Exercise requirements: Among the lines of the listing below, retype exactly those from the one containing "267 Center Road" through the one containing "Aerial view of", both included. Do not include pictures.

Data provided:
[Start of Attachment]

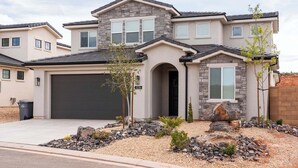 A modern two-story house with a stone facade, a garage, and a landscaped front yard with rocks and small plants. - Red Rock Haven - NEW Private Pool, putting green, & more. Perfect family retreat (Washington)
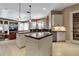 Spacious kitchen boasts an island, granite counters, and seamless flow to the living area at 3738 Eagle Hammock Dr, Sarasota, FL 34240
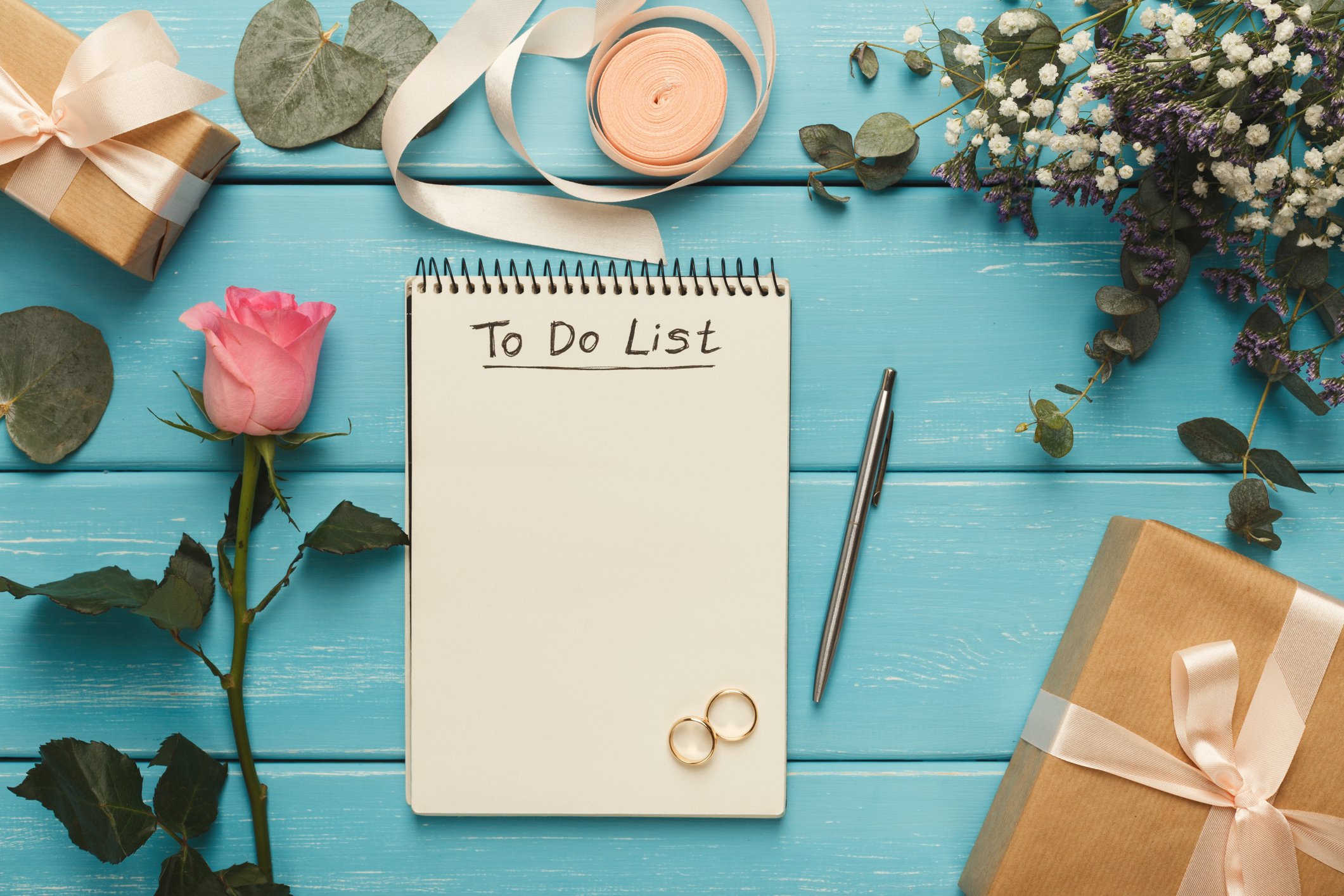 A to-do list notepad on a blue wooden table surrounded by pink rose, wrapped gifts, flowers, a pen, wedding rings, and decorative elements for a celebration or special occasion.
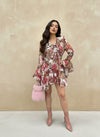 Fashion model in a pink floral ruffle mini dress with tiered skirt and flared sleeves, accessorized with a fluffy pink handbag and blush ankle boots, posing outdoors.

[End of Attachment]
[Start of Attachment]

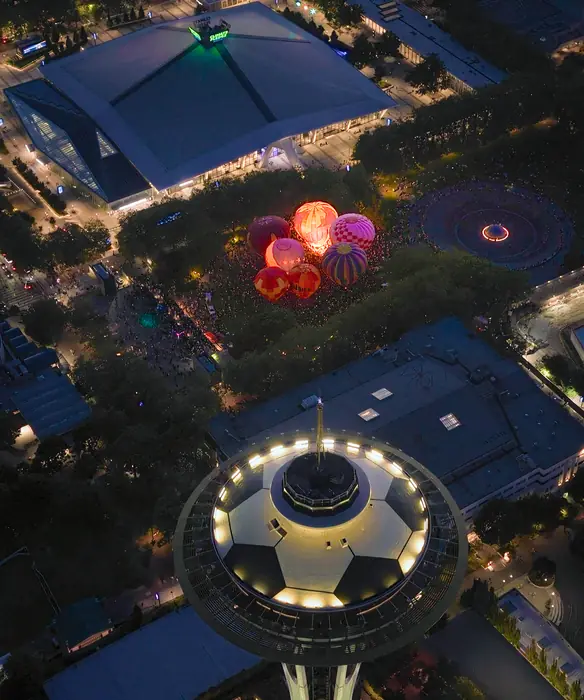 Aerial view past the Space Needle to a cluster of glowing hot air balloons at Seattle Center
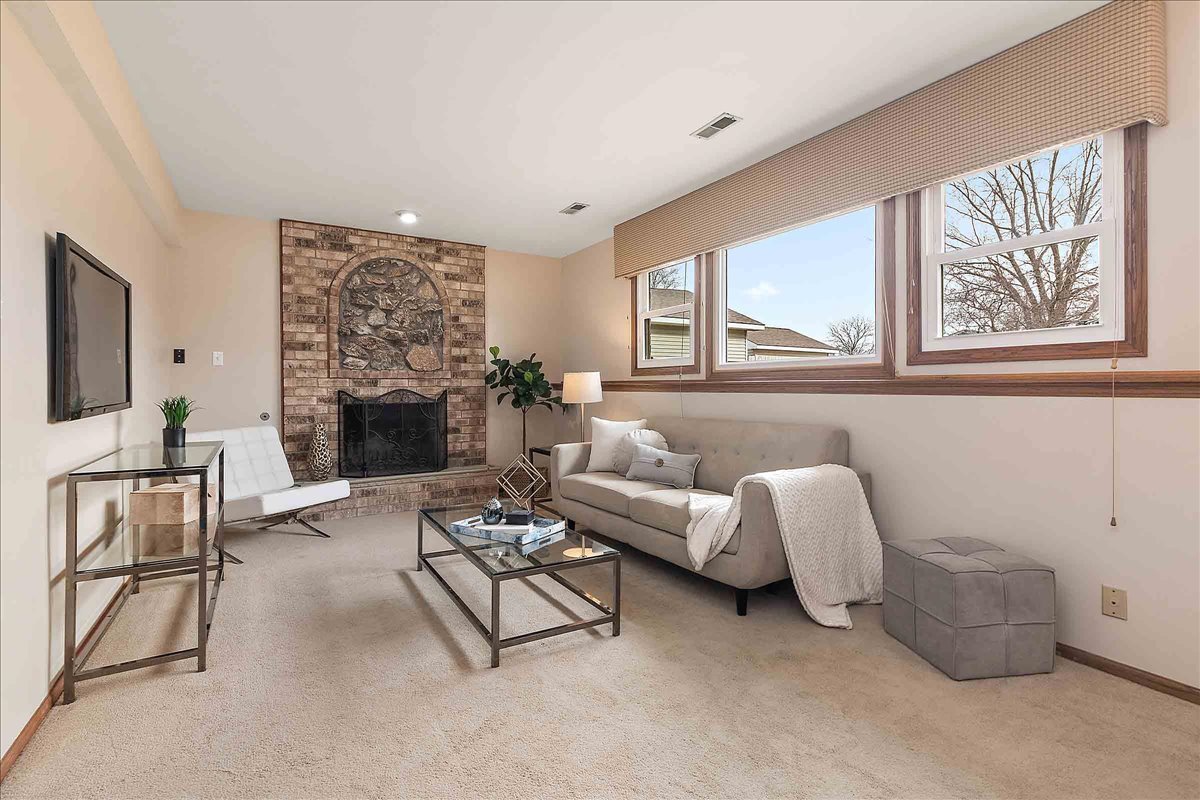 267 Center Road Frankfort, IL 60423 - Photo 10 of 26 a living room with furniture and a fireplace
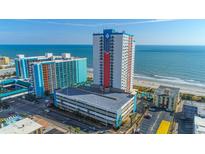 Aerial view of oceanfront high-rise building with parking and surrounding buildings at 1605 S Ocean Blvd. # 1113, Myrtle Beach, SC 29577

[End of Attachment]
[Start of Attachment]

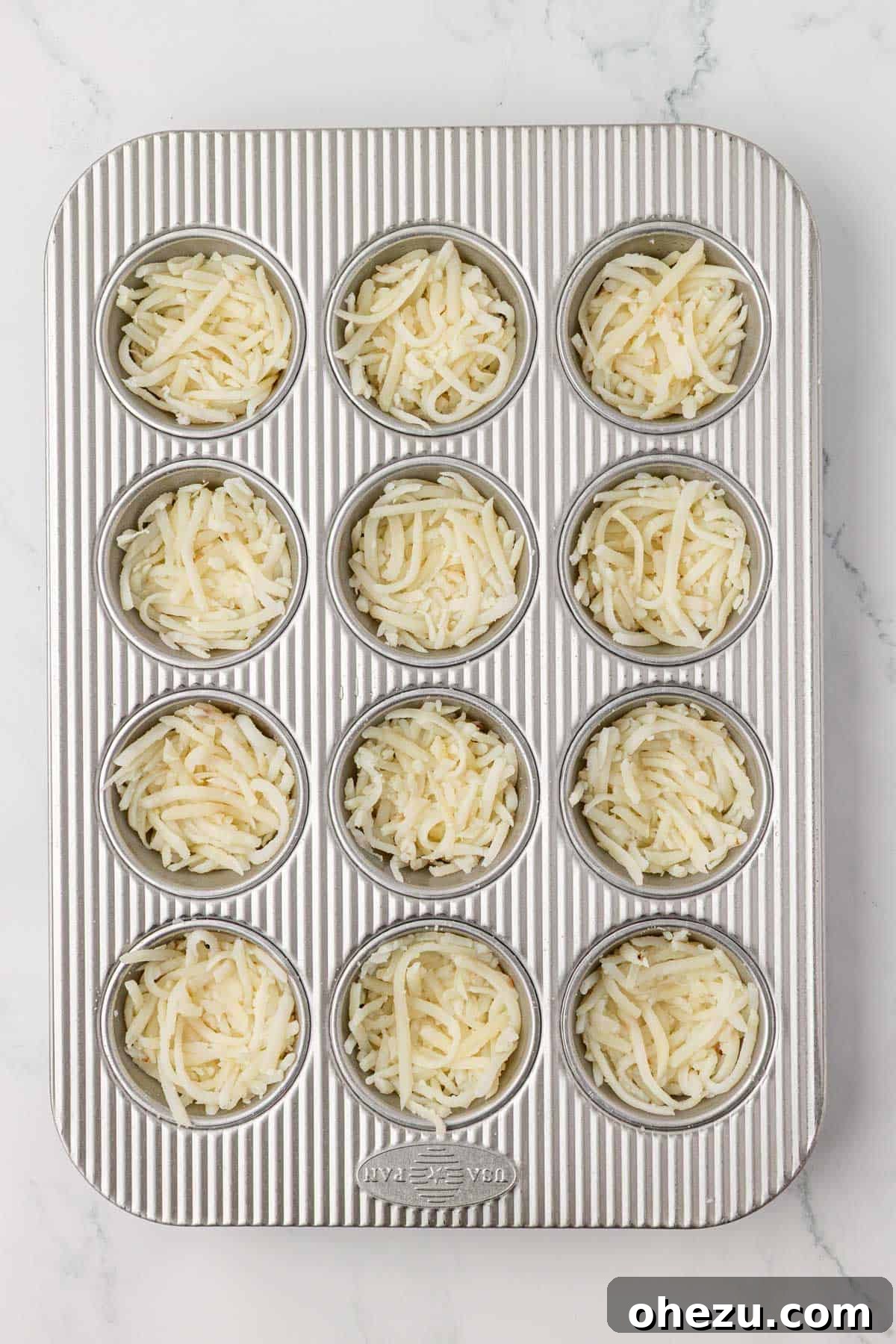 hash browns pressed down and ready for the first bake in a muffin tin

[End of Attachment]

Exercise answer:
 267 Center Road Frankfort, IL 60423 - Photo 10 of 26 a living room with furniture and a fireplace
 Aerial view of oceanfront high-rise building with parking and surrounding buildings at 1605 S Ocean Blvd. # 1113, Myrtle Beach, SC 29577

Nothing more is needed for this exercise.